Tax Refund

Congratulations on starting your new business. As a new business owner, taxes are probably the last thing on your mind. But since there’s no getting around them, here is some basic information about the forms you’ll need to file as a new business owner. In general, the form you must use to file your business taxes is determined by the type of business you have organized. There are many business structures available today. But for the purposes of this article, let’s stick to the most popular: sole proprietor, partnership, corporation, and limited liability company.

Each entity type should apply to get a Employer Identification Number (EIN) from the IRS using Form SS-4. Checking with your specific state about getting a state tax ID is also suggested as requirements vary by state. Check with your state and local authorities to see the requirements to form a business, as well as what type of license, permit, etc. you need to operate there.

Sole Proprietor

In most cases, new businesses operate as a sole proprietorship.
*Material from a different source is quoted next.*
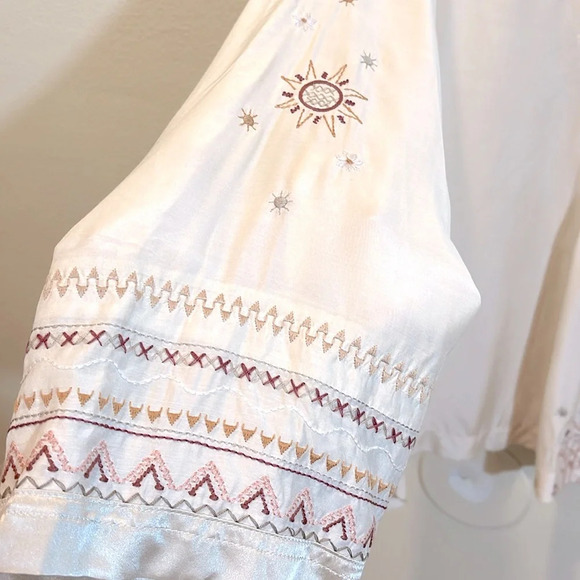 Johnny Was Calme embroidery cream Swing top size medium - Picture 3 of 12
When you prepare your individual tax return, you will report the activity from your sole proprietorship in your personal return as a self-employed person. The profit or loss from the business will be reported on Schedule C, which is then transferred to page 1 of Form 1040, where it is included with your taxable income.

*If your small business income is from rents or royalties, you will use Schedule E. If it’s farming income, you will use Schedule F.

It’s important to keep accurate records of your business income and expenses, as you will be required to report them on your taxes.

Partnership, S Corporation, and C Corporation

If you are organized as a partnership, you file the strictly informational Form 1065. From this partnership return, a Schedule K-1 is produced for each partner.  This Schedule K-1 is then used to report any pass-through income or deductions on your personal Form 1040.

If you are organized as an S corporation, you will file your information on Form 1120S.  S corporations also generate a Schedule K-1 that is produced for each shareholder in a similar way as the partnership. The shareholder will then report the activity from the S corporation Schedule K-1 and will report any pass-through profits or losses on your personal tax return.

If you are organized as a C Corporation, you should file a Form 1120.  No further reporting is required on your personal return as the C corporation is responsible for any taxes due on the corporate tax return. 

Limited Liability Company (LLC)

Some business owners choose to organize under the popular LLC structure. LLCs have a lot of flexibility when it comes to filing taxes. They can be taxed as if they are  a sole proprietor (if they have only one member), a partnership, or even as a corporation (C or S). If you are the only member of your LLC, then you will be automatically treated like a sole proprietor. Most multiple-member LLCs will be treated like a partnership. If you decide you would like to be taxed in a different manner than these defaults, then you need to file Form 8832 to elect another classification. Note that if you intend to be classified as an S Corporation, you need to complete Form 2553. Once you determine your business structure for tax purposes, just use the recommended forms above to file.

When These Forms are Due

Partnership returns and S-corporation returns that operate on a calendar year must be filed by the March 15th tax deadline.

C Corporation returns that operate on a calendar year, and Individual Form 1040 (which includes Schedule C) must be filed by the April 15 tax deadline.